Work item - With the pictures removed, retype the lines from the one holding "A multi-story building" through the end of the records, exactly as written.

Exercise material -
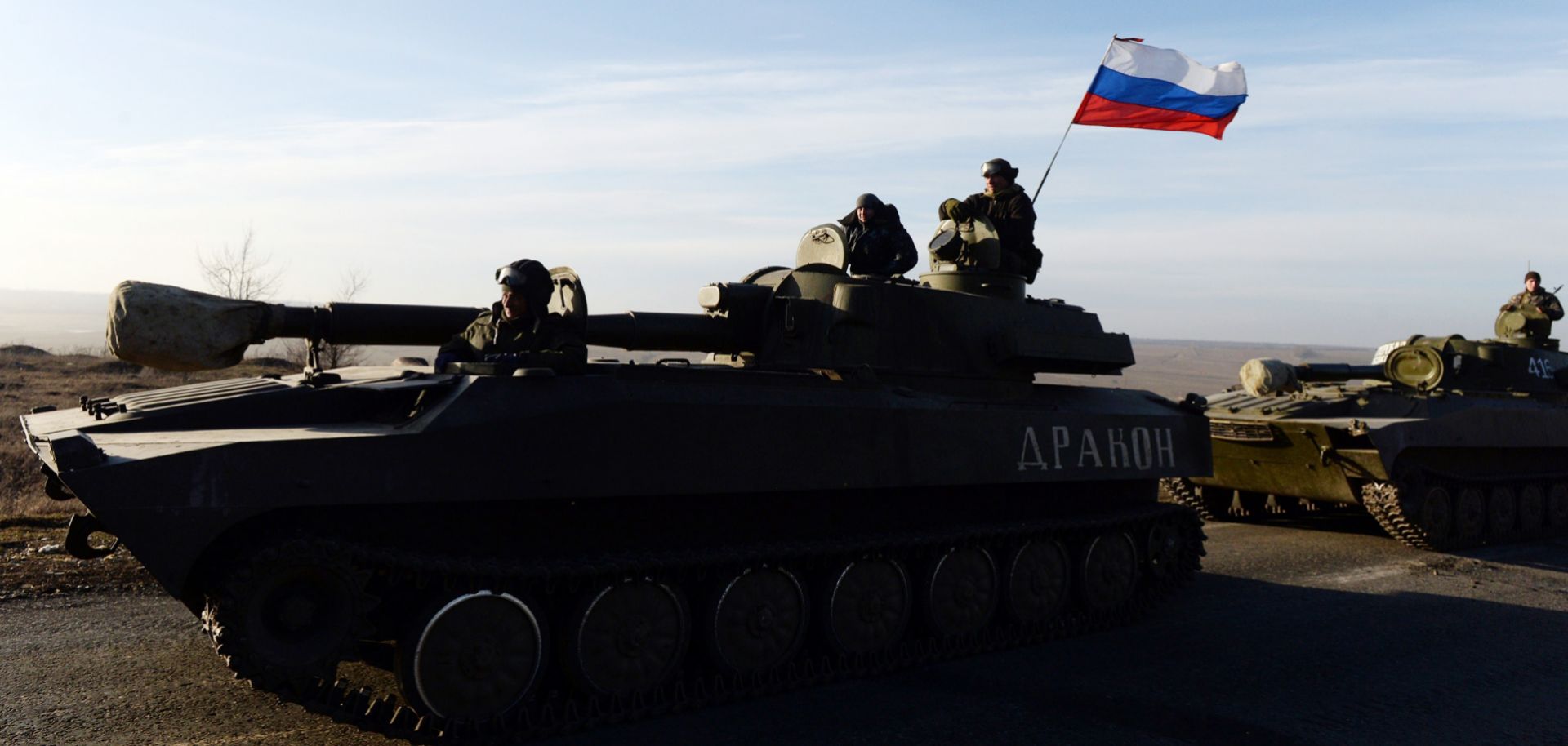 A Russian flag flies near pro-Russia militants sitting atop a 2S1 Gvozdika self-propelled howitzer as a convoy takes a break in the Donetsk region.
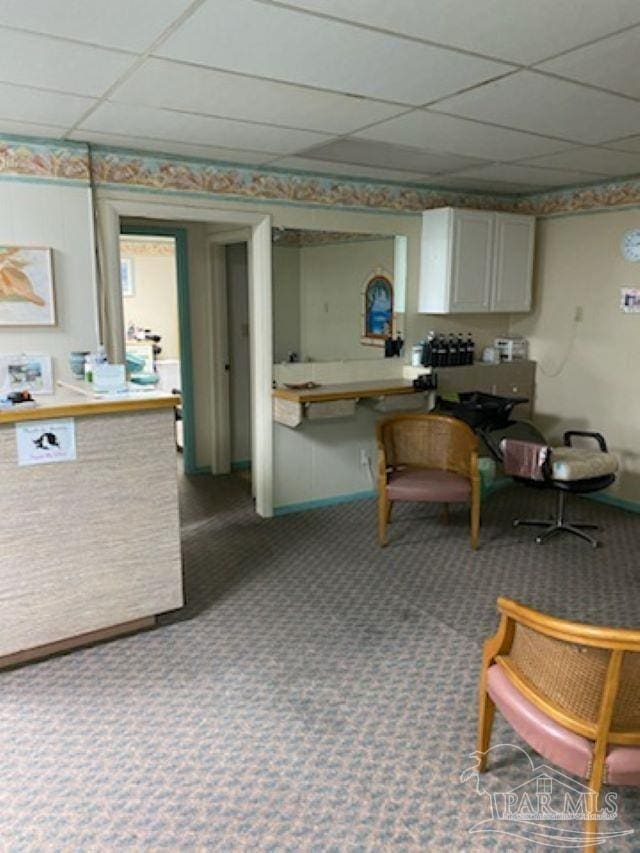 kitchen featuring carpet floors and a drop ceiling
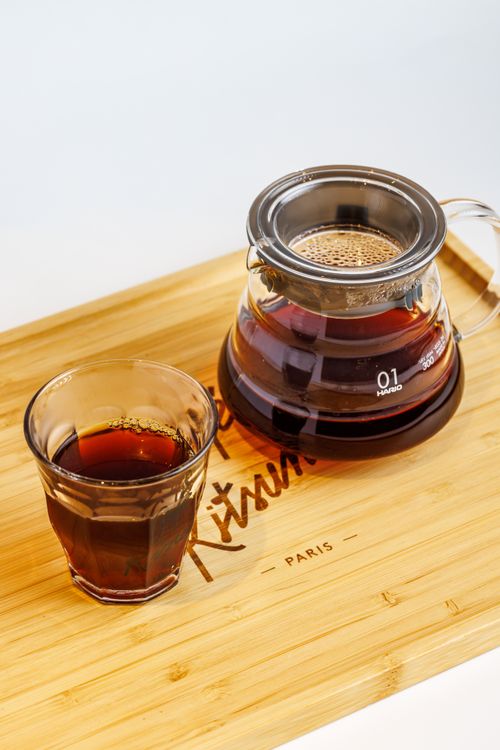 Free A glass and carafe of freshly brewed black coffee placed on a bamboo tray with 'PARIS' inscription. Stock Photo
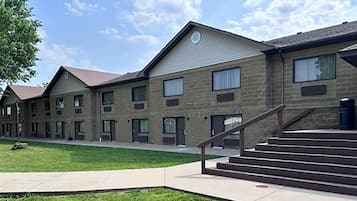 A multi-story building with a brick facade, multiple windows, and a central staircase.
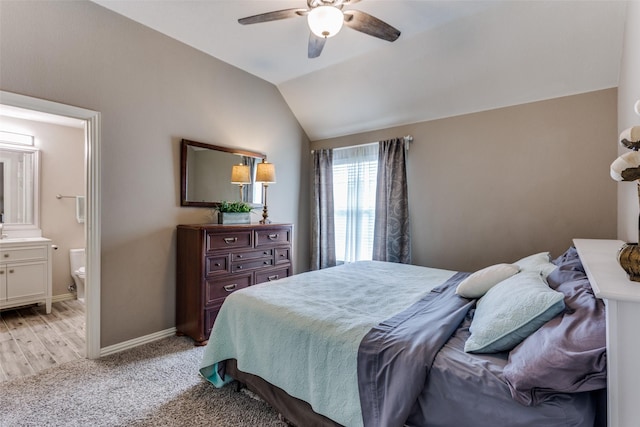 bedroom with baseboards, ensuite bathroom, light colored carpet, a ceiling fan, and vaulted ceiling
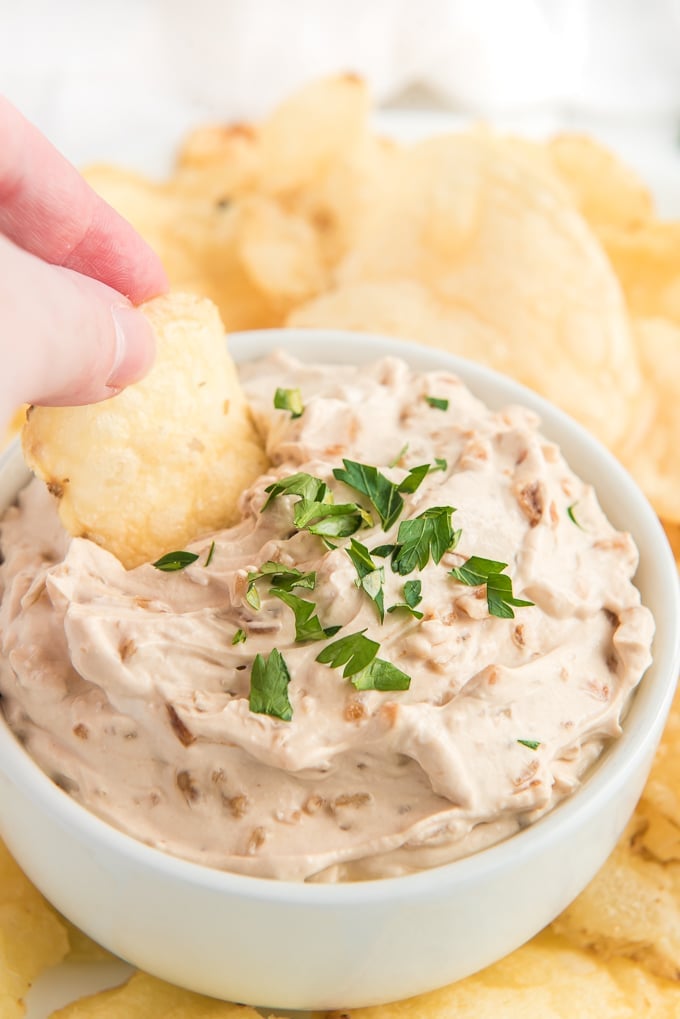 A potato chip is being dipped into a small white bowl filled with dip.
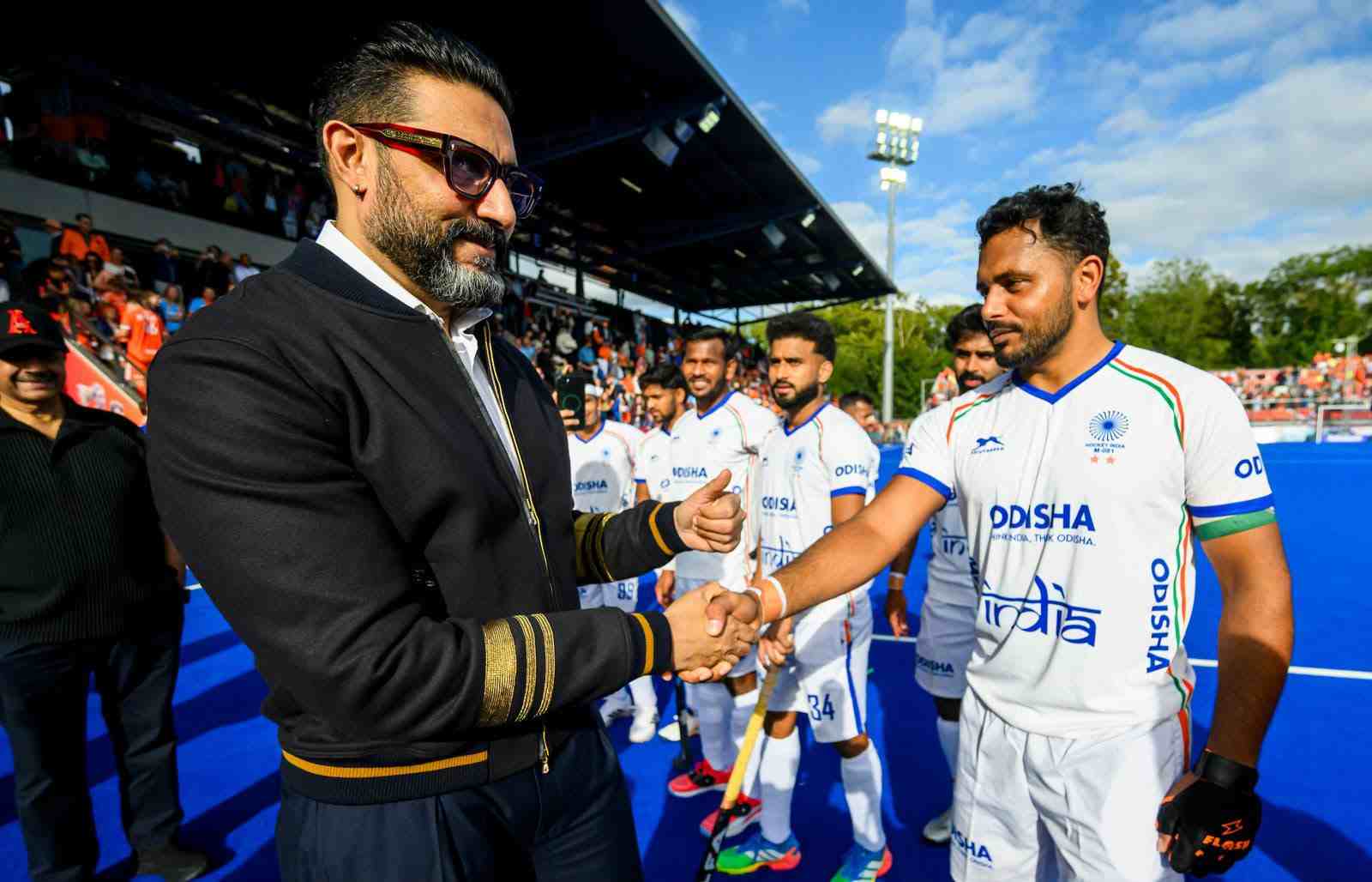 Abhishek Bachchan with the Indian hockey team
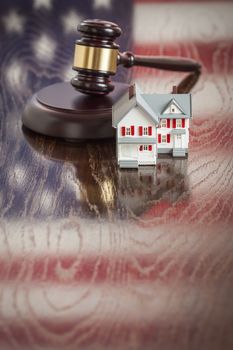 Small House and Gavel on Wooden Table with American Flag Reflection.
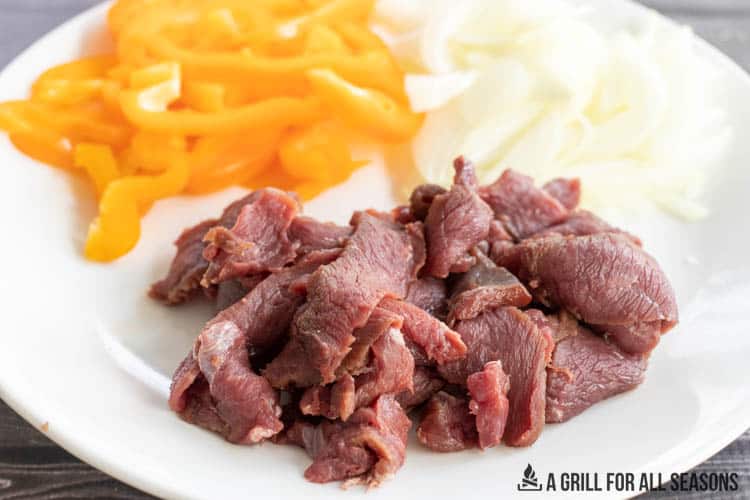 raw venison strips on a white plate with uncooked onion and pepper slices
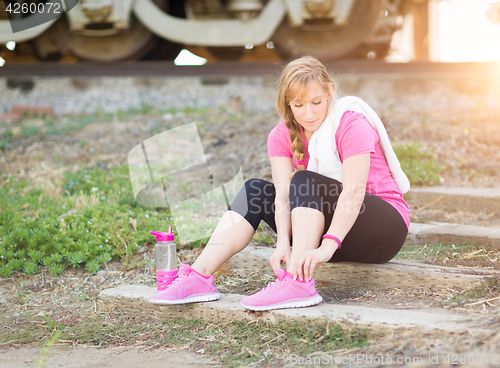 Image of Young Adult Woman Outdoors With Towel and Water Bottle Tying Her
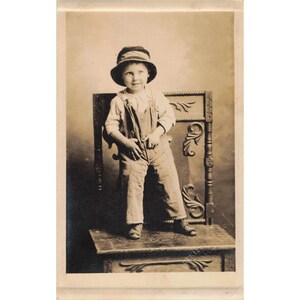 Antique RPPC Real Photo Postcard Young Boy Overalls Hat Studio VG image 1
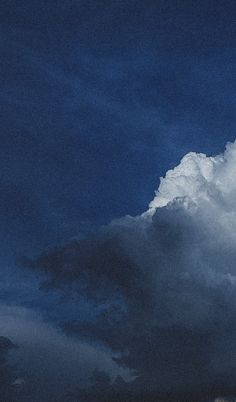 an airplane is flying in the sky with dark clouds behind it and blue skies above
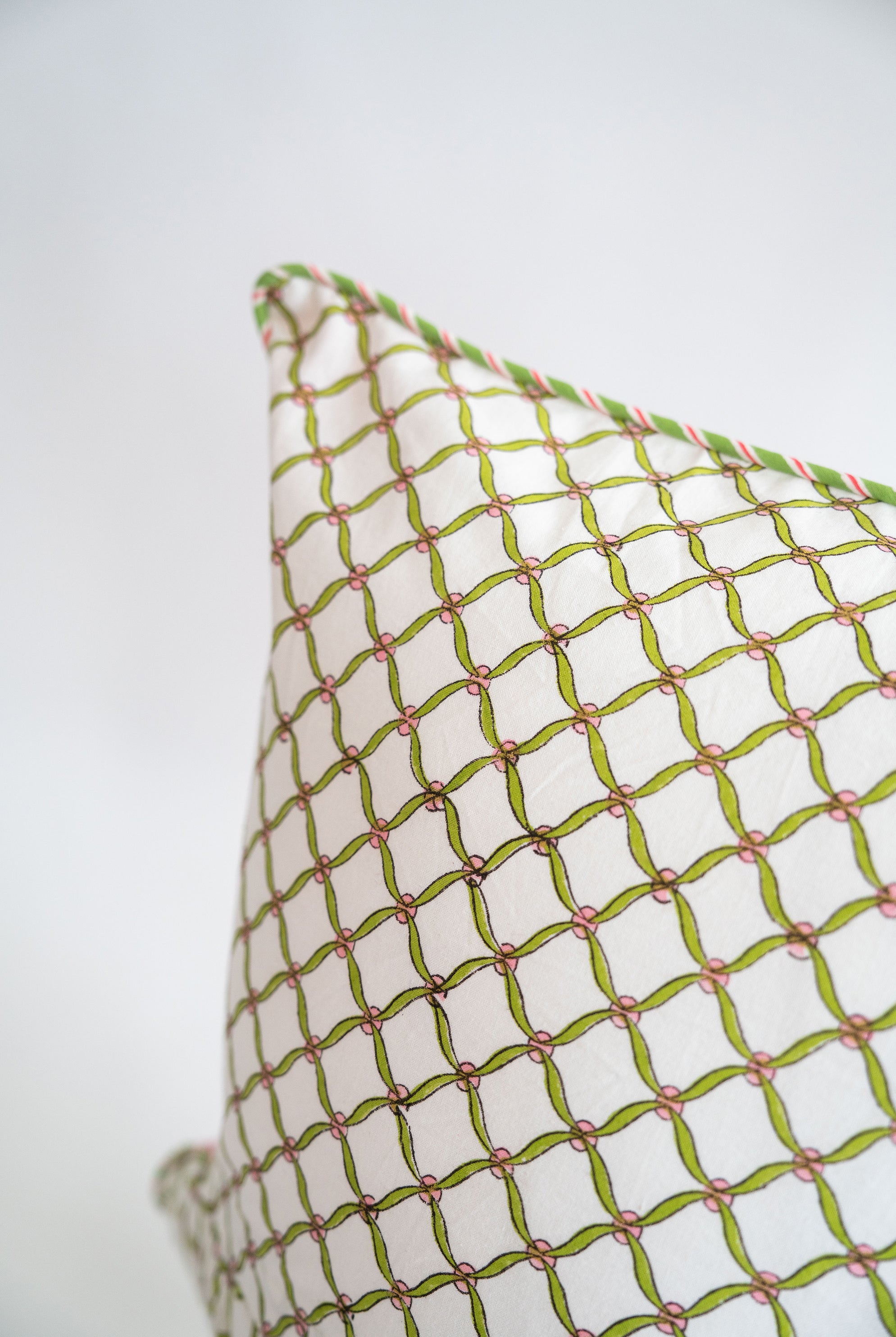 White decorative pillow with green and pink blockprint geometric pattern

Solution -
 A multi-story building with a brick facade, multiple windows, and a central staircase.
 bedroom with baseboards, ensuite bathroom, light colored carpet, a ceiling fan, and vaulted ceiling
 A potato chip is being dipped into a small white bowl filled with dip.
 Abhishek Bachchan with the Indian hockey team
 Small House and Gavel on Wooden Table with American Flag Reflection.
 raw venison strips on a white plate with uncooked onion and pepper slices
 Image of Young Adult Woman Outdoors With Towel and Water Bottle Tying Her
 Antique RPPC Real Photo Postcard Young Boy Overalls Hat Studio VG image 1
 an airplane is flying in the sky with dark clouds behind it and blue skies above
 White decorative pillow with green and pink blockprint geometric pattern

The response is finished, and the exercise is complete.